あらぁ可愛いお名前だこと(和名じゃないよね?)。

平日の午前中なので人出も少なく(もっともわれわれが入場したときより明らかに人数は増えていましたが)、まぁ思いがけず楽しめました。

さて坂城町ばら公園の見学を終えて、次‥の前に早めのお昼ごはんとしたいところです。このあとはちょっと高速に乗っちゃうのでできればその前に‥でも坂城ICはすぐそこだし困ったなと思っていたら、ICへの分岐すぐ手前にありましたよ、「さかき農産物直売所 あいさい」!





ねずみ大根とはここ坂城町周辺で栽培されている辛味大根で、独特の形状(先がいきなり細くなり鼠の尻尾のようになる)ことからこのような名付けになっているそうです。



坂城町の公式サイト内画像をお借りしました(上画像クリックで公式サイトへ)。

そして「おしぼりうどん」とは、「この大根をすり下ろして絞った、その汁でいただくうどん」というわけです。ただしその大根汁だけだと辛いだけで味がないので、そこに出汁や味噌を加えたりしています(デフォルトでそれなりの味付け済みかセルフ味付けかはお店によるようです)。

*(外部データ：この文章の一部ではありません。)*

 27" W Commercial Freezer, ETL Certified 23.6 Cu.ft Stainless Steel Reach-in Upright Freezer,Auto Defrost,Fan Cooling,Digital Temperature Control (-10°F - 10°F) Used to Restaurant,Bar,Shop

おしんこどんはくるみうどん、Takemaは辛味おろしかけそばを注文しました。あれれどちらも「おしぼり」は頼みませんでしたね(笑)。今さらながら、自分は同じそばでも「おしぼりそば くるみ味噌」あたりを頼んでおけばよかったかな。案外冒険しないTakemaなのです(苦笑)。

それはともかく、おしぼりうどんに出合わしたのは今回が初めてではなかったはず。拙サイト内を検索してみると‥おお、2010年にお隣の千曲市でおしんこどんが食べていましたこの時です)。確かこの時もTakemaはお蕎麦だったかと。

どちらの料理もシェアしつつ美味しくいただき、ごちそうさまのあとはすぐに高速に乗って長野ICまで。



ええっと武家屋敷の見学などは予定になかったのですが、入場無料に誘われて?山寺常山邸へ。山寺常山は江戸末期に松代藩で寺社奉行などを務め、明治に入ってからは地元長野に残り、塾を開いて教育に力を入れたのだとか。

長屋門をくぐると池が見え、左手の書院と奥の蔵とが見学可能になっています。まずは書院から。大正末から昭和初期の建築らしいので、常山翁は知るよしもなかった建物です。



書院へは、渡り廊下を通っていきます。



渡り廊下から数段上がった先には二間続きの八畳間が。採光も良好で実に明るい部屋になっています。いっぽうで池側にあるもう一部屋は‥







こちらの池は大正時代にかなり手が入れられたようですが、引き水の量が豊富であるように見えました。蔵の近くに植えられていて、少し色づいてきたのはスモモでしょうか(不明)。このあたりの武家屋敷の庭には食べられる実が成る木を植えていて‥と書かれていましたから、この実も美味しいのでしょうね。

というわけで山寺常山邸の見学も終了です。というか、上で書いたようにこちらの見学はたまたまのおまけで、ここから歩いていくのがメインの目的地です。「長野IC近く」「(旧)松代藩」とくれば‥もうおわかりですよね。





ここ松代では太平洋戦争末期に「大本営及び政府機関、そして『皇居』までも移動させて国体の護持を図りつつ戦争の継続を目指す」という、陸軍による一大計画のもと地下壕が掘られました。その総延長は象山に掘られた地下壕だけでも5,854mにわたり、現在はそのうち500m余が公開されています。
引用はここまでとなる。